At the same time there is a strong curiosity to know about Javanese ethics, philosophy of life and thoughts. Notwithstanding this need, there is little contact with Indonesians in Suriname. Some Surinam Javanese have a kind of reluctance (sungkan) when they meet Indonesian Javanese, being aware of the fact that their Javanese is different from the one spoken by the Javanese from Indonesia. On the other hand, the Indonesian government makes little effort to support the development of the Javanese culture in Suriname 8 . The Indonesian Embassy in Paramaribo provides courses in Bahasa Indonesia and since a few years ago it also gives courses on (modern) Javanese dances and the martial art pencak silat 9 . Due to limited resources these cultural activities can only reach people living in Paramaribo and its surrounding. Lessons in playing gamelan and dances are also provided by the Surinam Javanese themselves in the cultural centre Sana Budaya in Paramaribo.

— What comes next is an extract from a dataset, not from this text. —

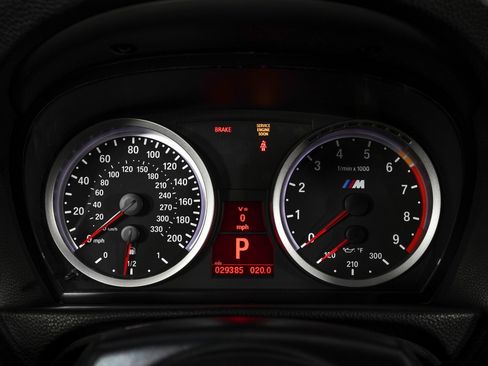 Used 2013 BMW M3 Base image 19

The desire to be close to the Javanese way of life is evidenced by the popularity of imported goods varying from peci and blangkon to stagen, kain and the well known kretek cigarettes, from cassette tapes with songs in the Javanese language to handicrafts and furniture. The great majority of vendors at the Sunday market in northern Paramaribo is Javanese. They sell Javanese spices and other edible products next to imported goods. A Surinam Javanese importer visits frequently Indonesia to look for new products. The Indonesian Embassy in Suriname informed that the balance of trade is in favour of Indonesia.
In the course of time the Javanese community has been carried along by the development of Suriname and at the same time it has participated and contributed to this development. Their political parties are playing a key role in the politics as an intermediary between the rivalling Creole and Hindustani parties. Javanese ministers have been leading two ministries (agriculture and social affairs & housing) for a long time. Javanese also occupy high-ranking posts at various ministries, governmental and private organizations and at the diplomatic service. The number of university graduates is increasing. Many Javanese are active in small enterprises such as restaurants, shops and slaughter houses where chicken are slaughtered in traditional Islamic way and sold as "halal" chicken meat.

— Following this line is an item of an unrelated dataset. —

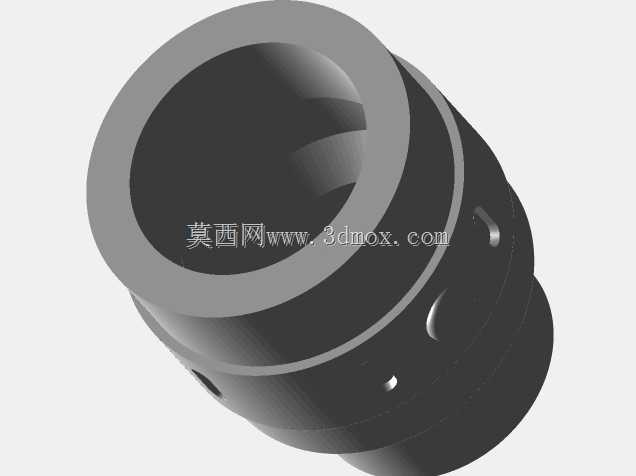 MBU-14/P氧气面罩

Since its arrival the Javanese made various efforts to maintain their culture and traditions they have brought with them from Java as a means to survive in the new environment where they had to compete with migrant workers from other ethnic groups. These traditions are passed down from one generation to another. In the course of time the form of the Javanese cultural expressions have diverted from the original version and have their own development. Other ethnic groups, the socio-economic development of the country and the impact of "globalization" are instrumental to this process. The Surinam Javanese culture has developed into a unique entity. It will be interesting to study and to monitor the development towards a new "Javaneseness" among Surinam Javanese in Suriname.